基本的な用語がわからない
本編に書いたことがあるが、「単純」とか「既約」とか、割と基本的な用語がかえって難しい、という話。
- 環が非自明なイデアルを持たないとき「単純」(simple)と呼ぶ。
- 加群が非自明な部分加群を持たないときも「単純」でいいだろう。
- しかし、既約加群という言葉も使われる。
- 表現に対しては「単純」じゃなくて「既約」(irreducible)と呼ぶ。既約表現=単純加群
単純の双対の余単純は「非自明な商対象を持たない」として定義できる。単純加群(=既約加群)とは別に、直既約加群(indecomposable module)という概念がある。
直既約とは、分解可能(decomposable)じゃないことだが、ここの分解は直和分解。モノイド積による分解まで拡張は当たり前にできる。
それはそうと、Rがスカラーの条件として、R = End(R) (同型)という条件をたまに見る。これは、内部ホムがある状況じゃないと正しく程式化できない。内部ホムを [-, -] と書くことにして、R = [R, R] が条件。
計算科学で出てくる概念と一緒にまとめる。0, 1は始対象と終対象、□, I がモノイド構造、[ , ] が内部ホムとする。
- 0 と id 以外に部分対象を持たない対象は単純または既約
- 単純対象の積(□の意味で)に書けるなら半単純
- x = x□I 以外にモノイド積分解を持たないなら直既約
- [x, x]がxの部分対象([x, x]→x というモノを持つ)ならxは反射的対象
- 任意の対象からのモノを持つなら、xは包摂的(subsumpting)対象
リー環の半単純性は「根基が消えている(0 でない可換なイデアルを持たない)ようなリー環は半単純 (semi-simple) であるという。」となっているな。
その他、いろいろな「半単純」の例:
- A semisimple module is one in which each submodule is a direct summand.
- A semisimple algebra (or ring) is one that is semisimple as a module over itself.
- A semisimple operator (or matrix) is one for which every invariant subspace has an invariant complement. This is equivalent to the minimal polynomial being square-free. Over an algebraically closed field it is equivalent to diagonalizable.

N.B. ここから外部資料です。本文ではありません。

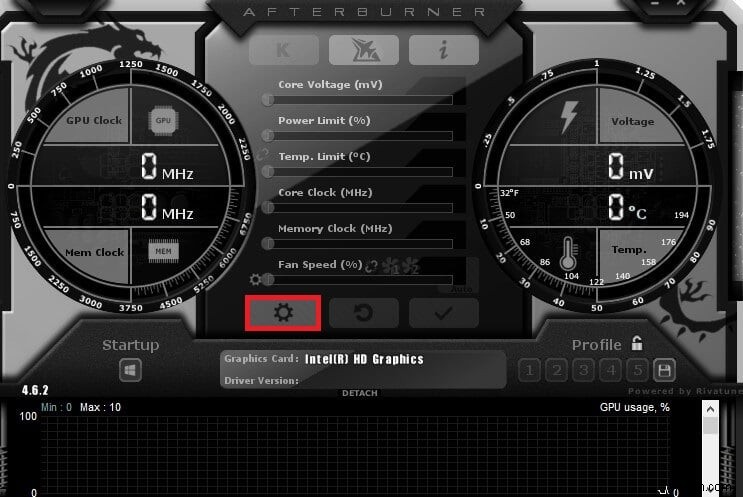 วิธีแสดงอุณหภูมิ CPU และ GPU บนทาสก์บาร์ 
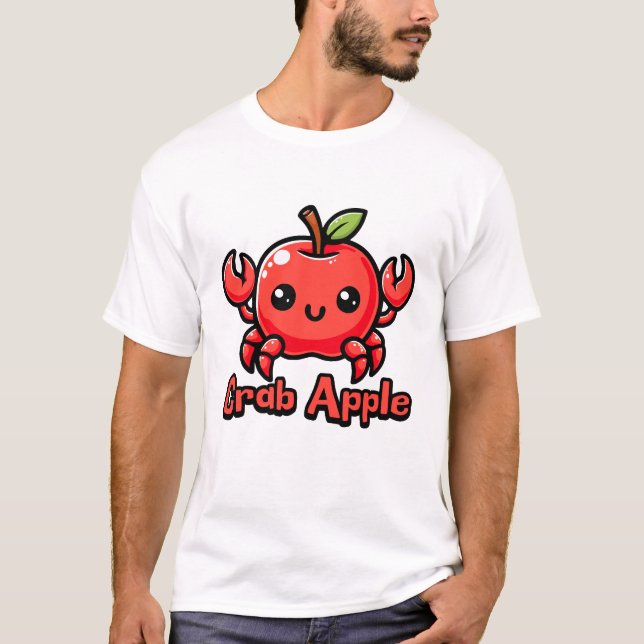 T-shirt Crabe Pomme Cute Crabe Pomme Pun (Devant)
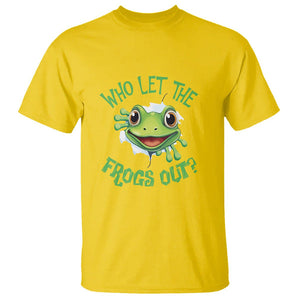 Passover T Shirt Who Let The Frogs Out Funny Jewish TS09 Daisy Printyourwear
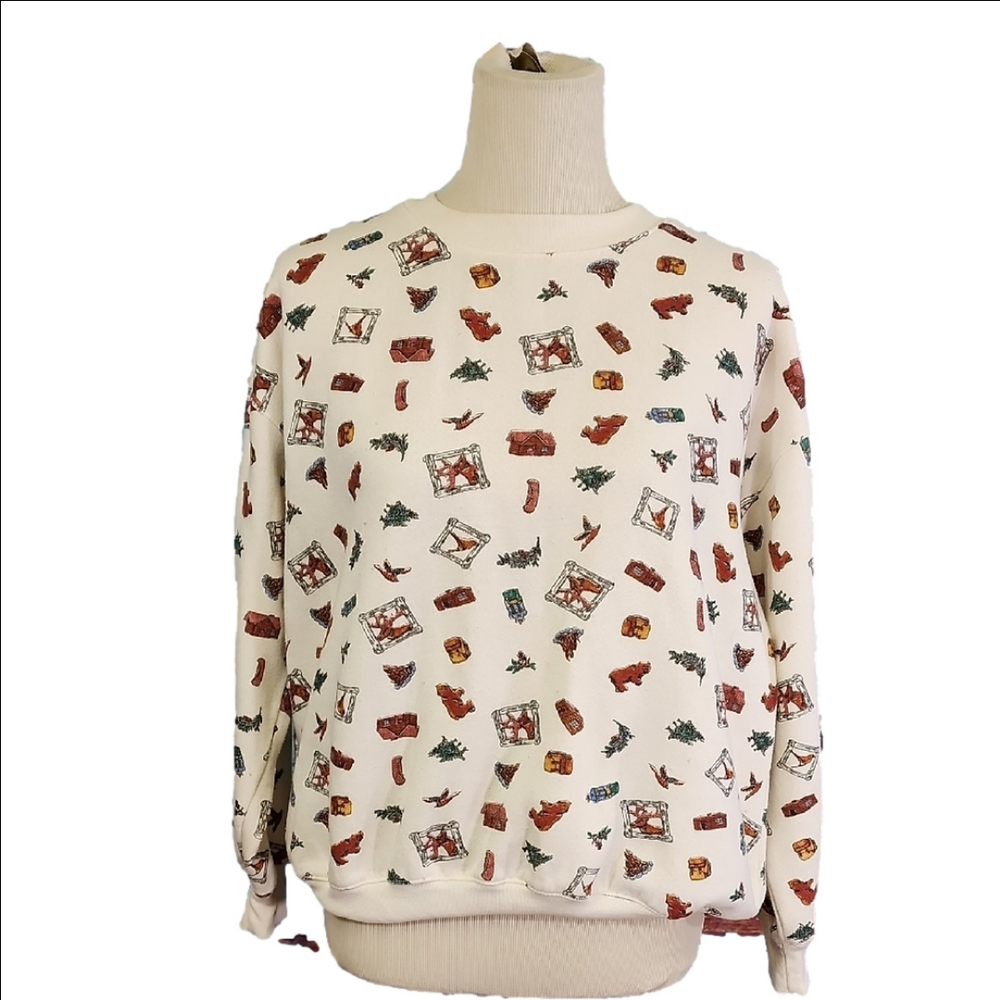 Camping themed sweatshirt size M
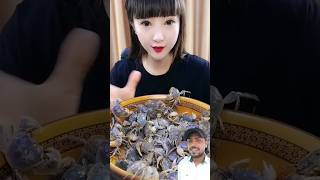 Spicy Seafood Mukbang Tik Tok Chinese ASMR Eating Sounds Crab shorts food tranding funny [upl. by Enimsay]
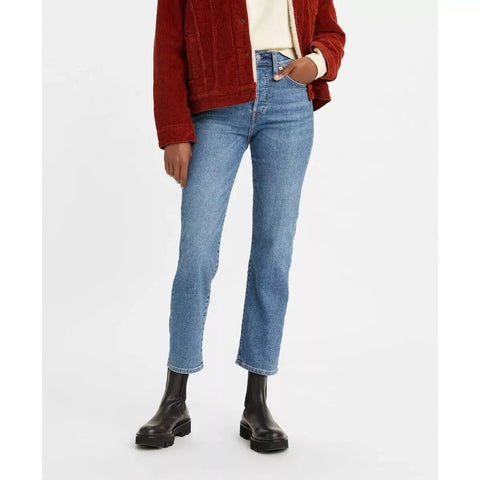 Levi's Women's Blue High Rise Wedgie Straight Cropped Pant |Levi's In Lebanon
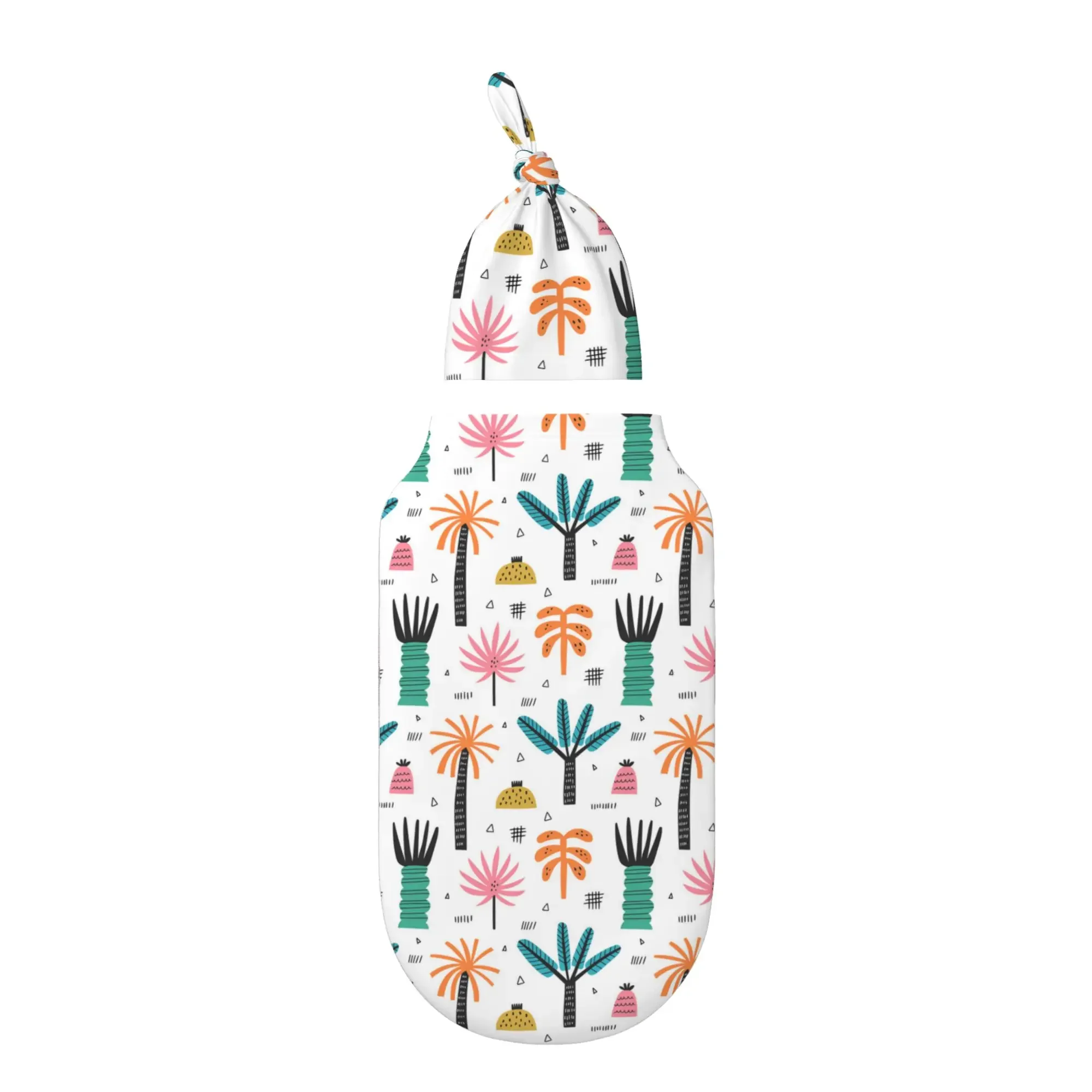 

Tropical Beach Palm Trees Baby Swaddle Blanket for Newborn Unisex Soft Adjustable Swaddle Wrap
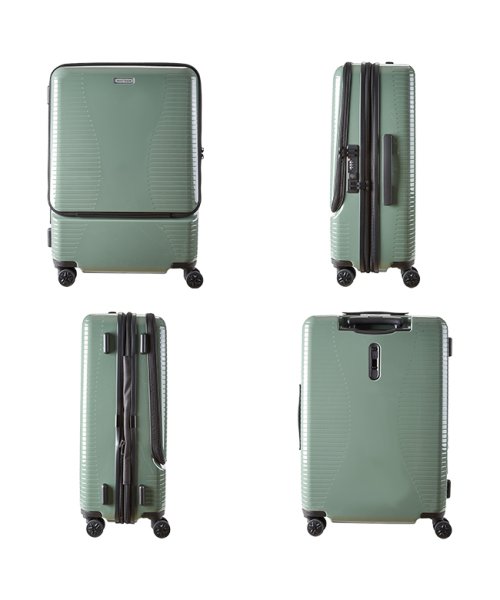 World Traveler(ワールドトラベラー)/エース ワールドトラベラー スーツケース Mサイズ 64L/74L フロントオープン ストッパー付き 拡張機能付き 軽量 ACE 06702/img05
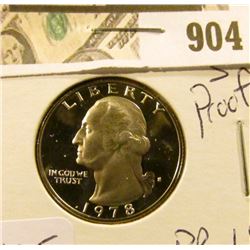 1978 S Washington Quarter Proof  PR 69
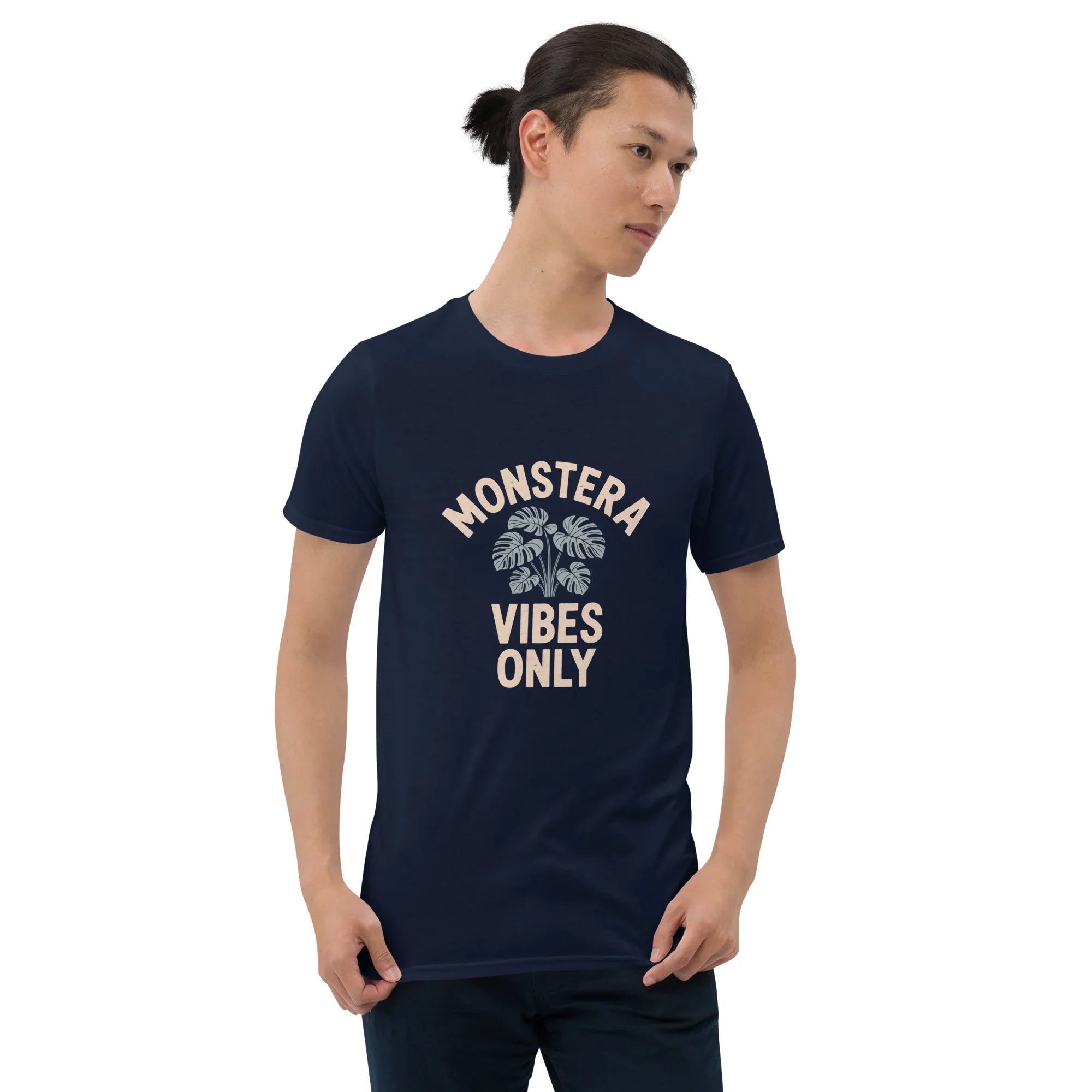 Monstera Plant T-Shirt – Monstera Vibes Only Minimal Tee - RaZits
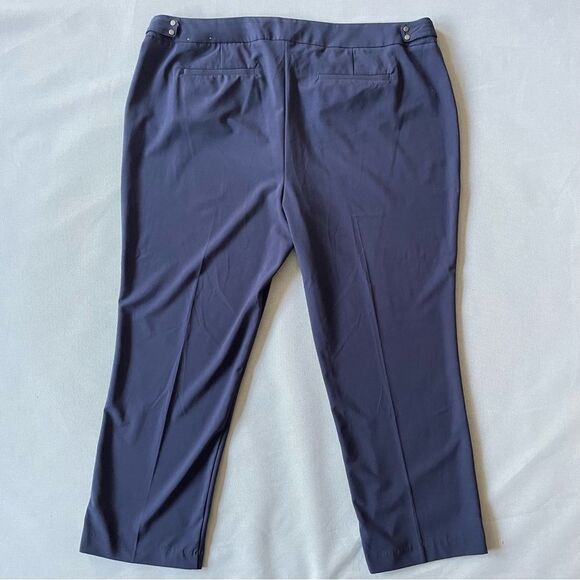 Roz & Ali The Signature Fit Navy Blue Dress Pants Women’s Size 22 - Picture 2 of 11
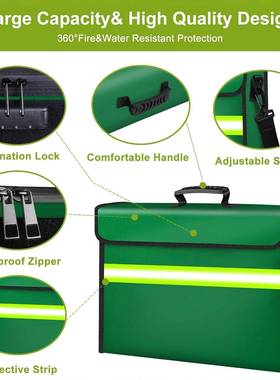 650F防火文包件袋件安全文收纳贵重文件收纳袋公MOJ文包手提0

- A semisimple Lie algebra is a Lie algebra that is a direct sum of simple Lie algebras.
- A semisimple algebraic group is a linear algebraic group whose radical of the identity component is trivial.
包摂的は今僕が考えた。普遍的という言葉を使う例もあるが、良くないと思う。反射的かつ包摂的であり、外の圏の構造を移す機構が備わっているときに、普遍的(むしろ万能)対象と呼ぶべきだろう。外の圏がデカルト閉などでないとあまり意味を持たないかもしれない。